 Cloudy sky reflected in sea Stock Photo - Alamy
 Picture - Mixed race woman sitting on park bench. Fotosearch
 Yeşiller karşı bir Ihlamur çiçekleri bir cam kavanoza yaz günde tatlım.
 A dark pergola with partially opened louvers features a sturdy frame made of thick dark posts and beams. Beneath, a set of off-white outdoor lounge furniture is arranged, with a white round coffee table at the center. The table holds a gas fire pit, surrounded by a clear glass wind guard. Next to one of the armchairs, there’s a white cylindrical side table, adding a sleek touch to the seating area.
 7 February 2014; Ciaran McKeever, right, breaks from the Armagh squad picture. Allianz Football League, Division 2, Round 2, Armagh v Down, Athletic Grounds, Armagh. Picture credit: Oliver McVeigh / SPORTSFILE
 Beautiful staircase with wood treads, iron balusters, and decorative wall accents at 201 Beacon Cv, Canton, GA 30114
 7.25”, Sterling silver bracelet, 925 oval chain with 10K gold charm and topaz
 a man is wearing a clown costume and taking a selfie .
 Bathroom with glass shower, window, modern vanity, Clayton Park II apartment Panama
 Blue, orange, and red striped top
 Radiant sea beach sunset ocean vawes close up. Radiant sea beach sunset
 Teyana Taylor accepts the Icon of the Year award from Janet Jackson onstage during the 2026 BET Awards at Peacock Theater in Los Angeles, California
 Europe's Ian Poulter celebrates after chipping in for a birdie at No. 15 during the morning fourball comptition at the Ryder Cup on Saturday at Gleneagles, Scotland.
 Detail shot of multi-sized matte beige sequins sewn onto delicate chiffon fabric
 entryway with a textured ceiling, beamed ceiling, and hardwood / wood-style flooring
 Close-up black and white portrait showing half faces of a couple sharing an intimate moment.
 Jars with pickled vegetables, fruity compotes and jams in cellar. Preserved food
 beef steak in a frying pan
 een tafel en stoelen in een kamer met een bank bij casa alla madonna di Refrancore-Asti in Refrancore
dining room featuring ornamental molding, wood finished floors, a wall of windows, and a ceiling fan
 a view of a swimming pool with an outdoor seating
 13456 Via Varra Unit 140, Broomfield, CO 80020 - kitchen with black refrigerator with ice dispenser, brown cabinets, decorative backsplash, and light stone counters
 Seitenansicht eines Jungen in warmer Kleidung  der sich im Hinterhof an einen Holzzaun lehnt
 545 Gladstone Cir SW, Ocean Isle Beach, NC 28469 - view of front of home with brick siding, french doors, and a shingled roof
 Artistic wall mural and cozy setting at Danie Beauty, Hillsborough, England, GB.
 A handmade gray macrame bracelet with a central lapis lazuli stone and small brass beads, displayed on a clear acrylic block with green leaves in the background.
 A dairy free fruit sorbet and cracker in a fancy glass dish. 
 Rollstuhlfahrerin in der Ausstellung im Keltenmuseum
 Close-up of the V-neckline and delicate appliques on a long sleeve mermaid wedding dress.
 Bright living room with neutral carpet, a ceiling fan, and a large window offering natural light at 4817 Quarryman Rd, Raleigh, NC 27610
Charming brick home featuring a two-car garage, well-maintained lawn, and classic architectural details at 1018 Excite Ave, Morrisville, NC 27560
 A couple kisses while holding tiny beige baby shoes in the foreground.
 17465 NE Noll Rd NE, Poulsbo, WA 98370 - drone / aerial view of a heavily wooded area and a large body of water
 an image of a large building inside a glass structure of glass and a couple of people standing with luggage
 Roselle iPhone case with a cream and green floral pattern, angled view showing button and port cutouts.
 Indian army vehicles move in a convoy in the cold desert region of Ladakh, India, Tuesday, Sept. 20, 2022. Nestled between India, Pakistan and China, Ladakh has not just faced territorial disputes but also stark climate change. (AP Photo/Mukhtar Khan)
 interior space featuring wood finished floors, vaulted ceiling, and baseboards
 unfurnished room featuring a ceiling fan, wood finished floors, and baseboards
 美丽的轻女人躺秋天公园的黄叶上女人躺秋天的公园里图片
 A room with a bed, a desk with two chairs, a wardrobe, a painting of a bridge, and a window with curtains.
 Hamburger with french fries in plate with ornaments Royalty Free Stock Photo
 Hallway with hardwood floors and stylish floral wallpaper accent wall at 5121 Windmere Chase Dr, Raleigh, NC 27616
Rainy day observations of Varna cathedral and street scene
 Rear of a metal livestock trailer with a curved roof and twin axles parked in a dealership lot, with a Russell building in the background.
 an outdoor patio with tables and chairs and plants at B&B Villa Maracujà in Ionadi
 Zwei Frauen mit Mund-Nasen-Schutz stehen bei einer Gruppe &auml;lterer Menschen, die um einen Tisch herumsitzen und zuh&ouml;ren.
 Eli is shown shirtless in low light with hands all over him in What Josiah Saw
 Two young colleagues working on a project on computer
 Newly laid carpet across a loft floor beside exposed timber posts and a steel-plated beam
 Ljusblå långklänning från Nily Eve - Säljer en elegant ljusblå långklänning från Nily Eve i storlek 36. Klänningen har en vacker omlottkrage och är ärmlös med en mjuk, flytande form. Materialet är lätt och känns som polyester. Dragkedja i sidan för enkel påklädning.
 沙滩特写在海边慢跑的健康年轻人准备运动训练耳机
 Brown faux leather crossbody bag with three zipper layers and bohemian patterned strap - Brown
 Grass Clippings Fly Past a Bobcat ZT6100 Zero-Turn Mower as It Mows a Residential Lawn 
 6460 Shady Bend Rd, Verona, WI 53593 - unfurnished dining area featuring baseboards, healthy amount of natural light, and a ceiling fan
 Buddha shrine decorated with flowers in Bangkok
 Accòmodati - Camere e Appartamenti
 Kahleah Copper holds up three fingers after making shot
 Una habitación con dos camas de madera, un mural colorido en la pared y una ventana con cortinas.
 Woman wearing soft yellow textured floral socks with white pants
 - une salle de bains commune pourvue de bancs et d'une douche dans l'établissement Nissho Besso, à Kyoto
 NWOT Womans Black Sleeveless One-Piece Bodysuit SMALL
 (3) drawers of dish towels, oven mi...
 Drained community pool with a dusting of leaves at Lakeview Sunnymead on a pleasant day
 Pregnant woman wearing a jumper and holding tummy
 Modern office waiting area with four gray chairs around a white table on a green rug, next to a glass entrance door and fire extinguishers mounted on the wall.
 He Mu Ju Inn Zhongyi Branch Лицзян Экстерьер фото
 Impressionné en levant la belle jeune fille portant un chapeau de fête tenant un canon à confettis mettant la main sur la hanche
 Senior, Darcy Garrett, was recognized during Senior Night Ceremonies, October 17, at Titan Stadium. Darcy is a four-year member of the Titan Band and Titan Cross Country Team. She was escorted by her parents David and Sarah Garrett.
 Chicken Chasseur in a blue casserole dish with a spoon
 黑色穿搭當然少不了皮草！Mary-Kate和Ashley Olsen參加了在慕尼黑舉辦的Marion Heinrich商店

——

- [WORK ORDER]: Return the listing verbatim.

- [ANSWER]:
 Cloudy sky reflected in sea Stock Photo - Alamy
 Picture - Mixed race woman sitting on park bench. Fotosearch
 Yeşiller karşı bir Ihlamur çiçekleri bir cam kavanoza yaz günde tatlım.
 A dark pergola with partially opened louvers features a sturdy frame made of thick dark posts and beams. Beneath, a set of off-white outdoor lounge furniture is arranged, with a white round coffee table at the center. The table holds a gas fire pit, surrounded by a clear glass wind guard. Next to one of the armchairs, there’s a white cylindrical side table, adding a sleek touch to the seating area.
 7 February 2014; Ciaran McKeever, right, breaks from the Armagh squad picture. Allianz Football League, Division 2, Round 2, Armagh v Down, Athletic Grounds, Armagh. Picture credit: Oliver McVeigh / SPORTSFILE
 Beautiful staircase with wood treads, iron balusters, and decorative wall accents at 201 Beacon Cv, Canton, GA 30114
 7.25”, Sterling silver bracelet, 925 oval chain with 10K gold charm and topaz
 a man is wearing a clown costume and taking a selfie .
 Bathroom with glass shower, window, modern vanity, Clayton Park II apartment Panama
 Blue, orange, and red striped top
 Radiant sea beach sunset ocean vawes close up. Radiant sea beach sunset
 Teyana Taylor accepts the Icon of the Year award from Janet Jackson onstage during the 2026 BET Awards at Peacock Theater in Los Angeles, California
 Europe's Ian Poulter celebrates after chipping in for a birdie at No. 15 during the morning fourball comptition at the Ryder Cup on Saturday at Gleneagles, Scotland.
 Detail shot of multi-sized matte beige sequins sewn onto delicate chiffon fabric
 entryway with a textured ceiling, beamed ceiling, and hardwood / wood-style flooring
 Close-up black and white portrait showing half faces of a couple sharing an intimate moment.
 Jars with pickled vegetables, fruity compotes and jams in cellar. Preserved food
 beef steak in a frying pan
 een tafel en stoelen in een kamer met een bank bij casa alla madonna di Refrancore-Asti in Refrancore
dining room featuring ornamental molding, wood finished floors, a wall of windows, and a ceiling fan
 a view of a swimming pool with an outdoor seating
 13456 Via Varra Unit 140, Broomfield, CO 80020 - kitchen with black refrigerator with ice dispenser, brown cabinets, decorative backsplash, and light stone counters
 Seitenansicht eines Jungen in warmer Kleidung  der sich im Hinterhof an einen Holzzaun lehnt
 545 Gladstone Cir SW, Ocean Isle Beach, NC 28469 - view of front of home with brick siding, french doors, and a shingled roof
 Artistic wall mural and cozy setting at Danie Beauty, Hillsborough, England, GB.
 A handmade gray macrame bracelet with a central lapis lazuli stone and small brass beads, displayed on a clear acrylic block with green leaves in the background.
 A dairy free fruit sorbet and cracker in a fancy glass dish. 
 Rollstuhlfahrerin in der Ausstellung im Keltenmuseum
 Close-up of the V-neckline and delicate appliques on a long sleeve mermaid wedding dress.
 Bright living room with neutral carpet, a ceiling fan, and a large window offering natural light at 4817 Quarryman Rd, Raleigh, NC 27610
Charming brick home featuring a two-car garage, well-maintained lawn, and classic architectural details at 1018 Excite Ave, Morrisville, NC 27560
 A couple kisses while holding tiny beige baby shoes in the foreground.
 17465 NE Noll Rd NE, Poulsbo, WA 98370 - drone / aerial view of a heavily wooded area and a large body of water
 an image of a large building inside a glass structure of glass and a couple of people standing with luggage
 Roselle iPhone case with a cream and green floral pattern, angled view showing button and port cutouts.
 Indian army vehicles move in a convoy in the cold desert region of Ladakh, India, Tuesday, Sept. 20, 2022. Nestled between India, Pakistan and China, Ladakh has not just faced territorial disputes but also stark climate change. (AP Photo/Mukhtar Khan)
 interior space featuring wood finished floors, vaulted ceiling, and baseboards
 unfurnished room featuring a ceiling fan, wood finished floors, and baseboards
 美丽的轻女人躺秋天公园的黄叶上女人躺秋天的公园里图片
 A room with a bed, a desk with two chairs, a wardrobe, a painting of a bridge, and a window with curtains.
 Hamburger with french fries in plate with ornaments Royalty Free Stock Photo
 Hallway with hardwood floors and stylish floral wallpaper accent wall at 5121 Windmere Chase Dr, Raleigh, NC 27616
Rainy day observations of Varna cathedral and street scene
 Rear of a metal livestock trailer with a curved roof and twin axles parked in a dealership lot, with a Russell building in the background.
 an outdoor patio with tables and chairs and plants at B&B Villa Maracujà in Ionadi
 Zwei Frauen mit Mund-Nasen-Schutz stehen bei einer Gruppe &auml;lterer Menschen, die um einen Tisch herumsitzen und zuh&ouml;ren.
 Eli is shown shirtless in low light with hands all over him in What Josiah Saw
 Two young colleagues working on a project on computer
 Newly laid carpet across a loft floor beside exposed timber posts and a steel-plated beam
 Ljusblå långklänning från Nily Eve - Säljer en elegant ljusblå långklänning från Nily Eve i storlek 36. Klänningen har en vacker omlottkrage och är ärmlös med en mjuk, flytande form. Materialet är lätt och känns som polyester. Dragkedja i sidan för enkel påklädning.
 沙滩特写在海边慢跑的健康年轻人准备运动训练耳机
 Brown faux leather crossbody bag with three zipper layers and bohemian patterned strap - Brown
 Grass Clippings Fly Past a Bobcat ZT6100 Zero-Turn Mower as It Mows a Residential Lawn 
 6460 Shady Bend Rd, Verona, WI 53593 - unfurnished dining area featuring baseboards, healthy amount of natural light, and a ceiling fan
 Buddha shrine decorated with flowers in Bangkok
 Accòmodati - Camere e Appartamenti
 Kahleah Copper holds up three fingers after making shot
 Una habitación con dos camas de madera, un mural colorido en la pared y una ventana con cortinas.
 Woman wearing soft yellow textured floral socks with white pants
 - une salle de bains commune pourvue de bancs et d'une douche dans l'établissement Nissho Besso, à Kyoto
 NWOT Womans Black Sleeveless One-Piece Bodysuit SMALL
 (3) drawers of dish towels, oven mi...
 Drained community pool with a dusting of leaves at Lakeview Sunnymead on a pleasant day
 Pregnant woman wearing a jumper and holding tummy
 Modern office waiting area with four gray chairs around a white table on a green rug, next to a glass entrance door and fire extinguishers mounted on the wall.
 He Mu Ju Inn Zhongyi Branch Лицзян Экстерьер фото
 Impressionné en levant la belle jeune fille portant un chapeau de fête tenant un canon à confettis mettant la main sur la hanche
 Senior, Darcy Garrett, was recognized during Senior Night Ceremonies, October 17, at Titan Stadium. Darcy is a four-year member of the Titan Band and Titan Cross Country Team. She was escorted by her parents David and Sarah Garrett.
 Chicken Chasseur in a blue casserole dish with a spoon
 黑色穿搭當然少不了皮草！Mary-Kate和Ashley Olsen參加了在慕尼黑舉辦的Marion Heinrich商店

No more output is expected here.